Divisão do ativo do balanço patrimonial entre bens e direitos que a empresa espera realizar no curto prazo (ou que já são de negociação/caixa imediato) e os demais.

O que é

Um ativo é classificado como circulante quando se espera realizá-lo ou consumi-lo no ciclo operacional normal da empresa, quando é mantido essencialmente para negociação, quando se espera realizá-lo dentro de 12 meses da data do balanço, ou quando é caixa ou equivalente de caixa — salvo quando há restrição para trocá-lo ou usá-lo na liquidação de um passivo por pelo menos 12 meses após a data do balanço. Esses são critérios alternativos, não uma única janela de tempo. Itens comuns no ativo circulante incluem caixa, aplicações financeiras de curto prazo, contas a receber de clientes e estoques. O ativo não circulante reúne o restante: realizável a longo prazo, investimentos, imobilizado (máquinas, imóveis) e intangível (marcas, softwares, ágio). Critérios alternativos parecidos (não a mesma janela única de tempo) também separam o passivo circulante do não circulante (ver verbete próprio), e essa divisão sustenta índices como a Liquidez Corrente e o Capital de Giro.

Fórmula

Ativo Circulante = itens que a empresa espera realizar (converter em caixa) no ciclo operacional normal, ou mantidos essencialmente para negociação, ou com expectativa de realização em até 12 meses da data do balanço, ou caixa e equivalentes de caixa — critérios alternativos, não uma janela única de prazo (convergente com a norma de apresentação das demonstrações contábeis, CPC 26). Ativo Não Circulante = tudo que sobra do Ativo Total depois de tirar o Ativo Circulante (realizável a longo prazo, investimentos, imobilizado, intangível). No plano de contas padronizado que a CVM exige das companhias abertas — a mesma fonte que `ingestao/normalizadores/cvm_financeiro.py::demonstracoes_completas()` usa pra montar a seção "Demonstrações financeiras" de cada ativo — essas duas linhas aparecem literalmente no Balanço Patrimonial Ativo (BPA) com os códigos 1.01 e 1.02, e a soma das duas é sempre igual ao Ativo Total. O Lume Educa não calcula nada aqui: mostra a linha exatamente como a companhia reportou à CVM.

Como interpretar

A composição entre ativo circulante e não circulante varia bastante conforme o setor: uma indústria intensiva em imóveis e maquinário tende a ter mais ativo não circulante que uma empresa de serviços com pouca estrutura física, por exemplo.

Exemplo prático

PETR4, Balanço Patrimonial Ativo do DFP com exercício findo em 31/12/2025 (mesma peça exibida na seção "Demonstrações financeiras" da página do ativo): Ativo Circulante (1.01) de R$ 140,03 bilhões e Ativo Não Circulante (1.02) de R$ 1.083,36 bilhões. Somando os dois: 140,03 + 1.083,36 = R$ 1.223,39 bilhões de Ativo Total — esse total bate exatamente com a soma de Passivo Circulante + Passivo Não Circulante + Patrimônio Líquido do mesmo balanço (ver verbete Balanço Patrimonial), como a contabilidade de partida dobrada exige.
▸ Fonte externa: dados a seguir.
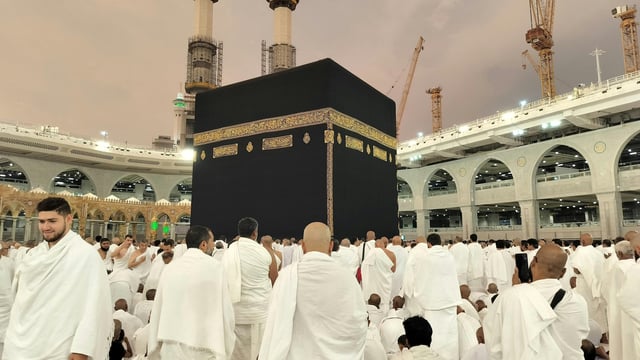 Muslims in white robes pray around the Kaaba, Islam's holiest shrine, at the Grand Mosque in Saudi Arabia's holy city of Mecca. Know the date and all about the annual hajj pilgrimage here.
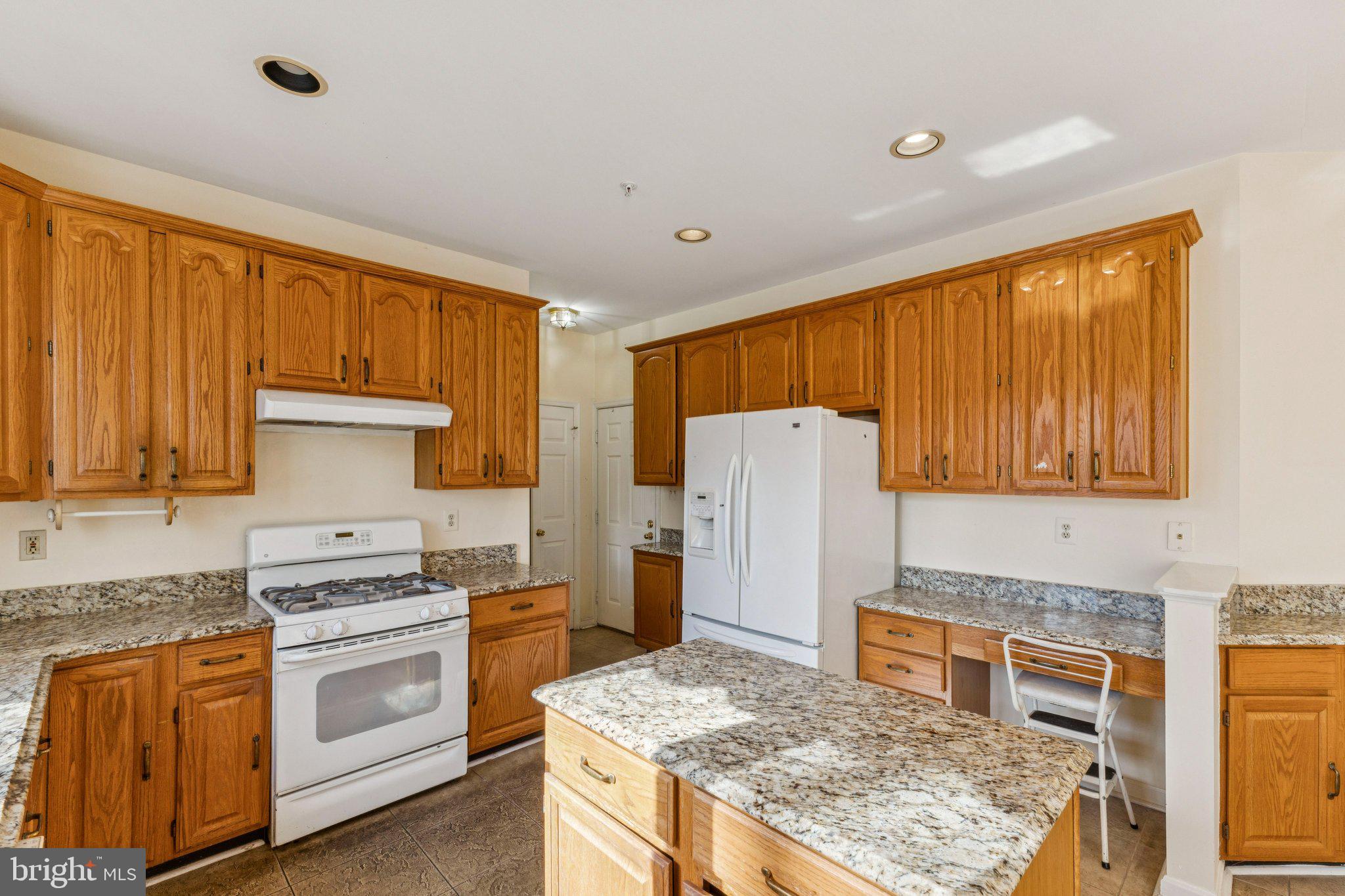 12205 Quick Fox Lane Bowie, MD 20720 - Photo 16 of 39 a kitchen with a refrigerator sink and stove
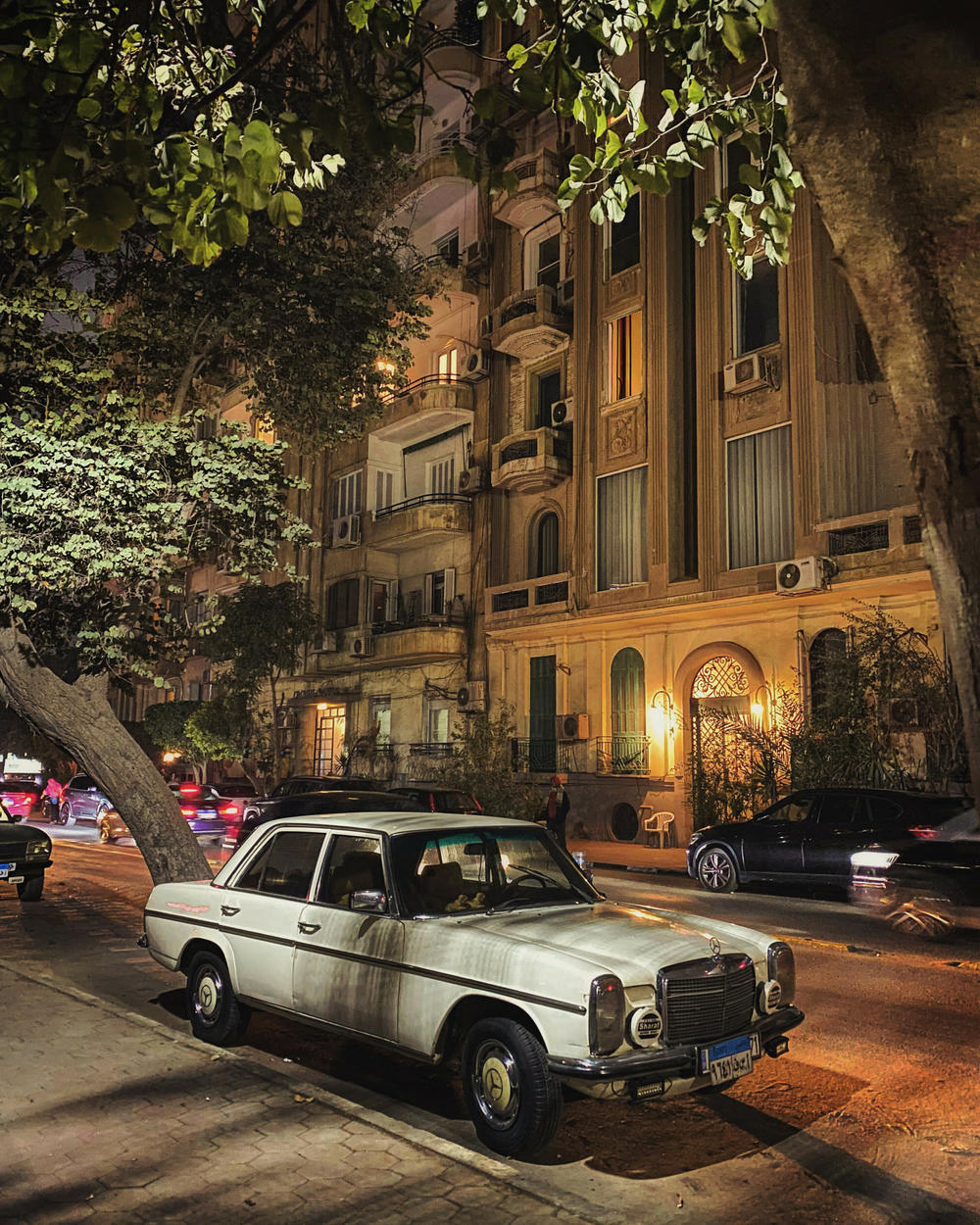 A classic Mercedes-Benz in front of an old building in Zamalek, Cairo. The scene was 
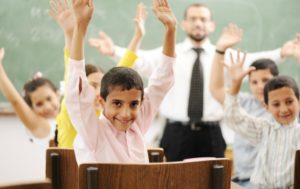 TEFL students really happy with hands up in the air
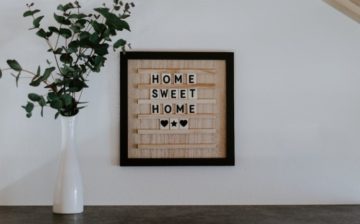 home sweet home sign on a wall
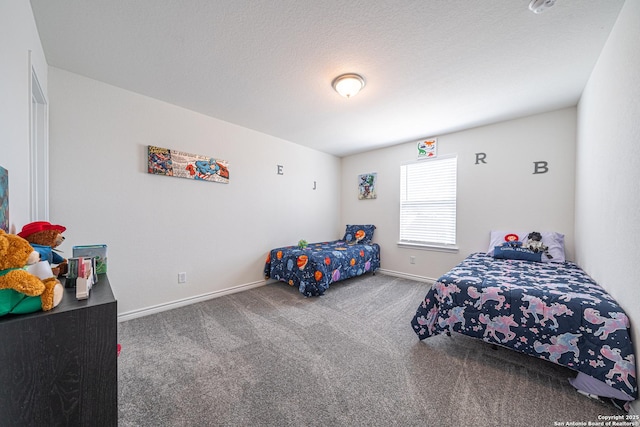 bedroom featuring baseboards, carpet floors, and a textured ceiling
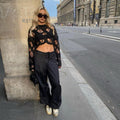 spring/summer new arrivals: european and american style women's fashion - sexy cutout top, trendy cropped knit sweater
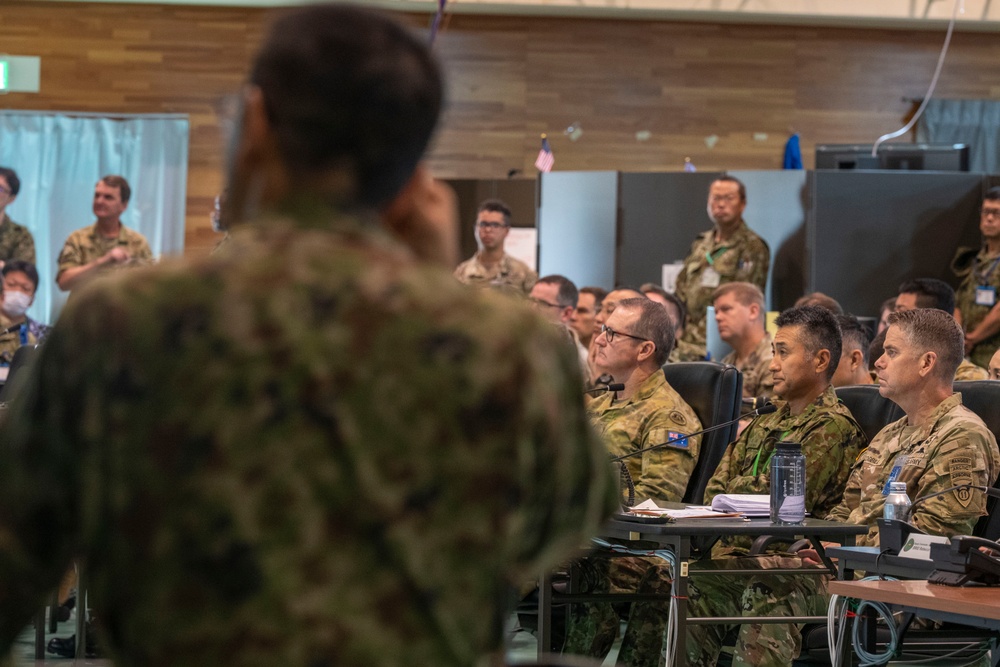 A military briefing or conference is taking place in an indoor facility with personnel from multiple nations present. A speaker in camouflage uniform addresses a seated audience of military personnel, some of whom are seated at tables with documents and microphones. The presence of multiple uniform styles and flag insignia suggests a multinational military exercise or joint operations meeting.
Exemplo com dado real já coletado pelo Lume Educa — ilustra o cálculo, nunca uma recomendação sobre o ativo citado.

Armadilhas comuns

A classificação depende de expectativa de realização, não da natureza física do bem — um imóvel destinado à venda no curto prazo, por exemplo, pode ser classificado como circulante mesmo sendo um imóvel, dependendo da situação. Vale conferir a nota explicativa da empresa quando o detalhe da composição importa pra análise.

Este artigo explica um conceito de mercado e como o Lume Educa o calcula. Não é recomendação de compra ou venda de nenhum ativo.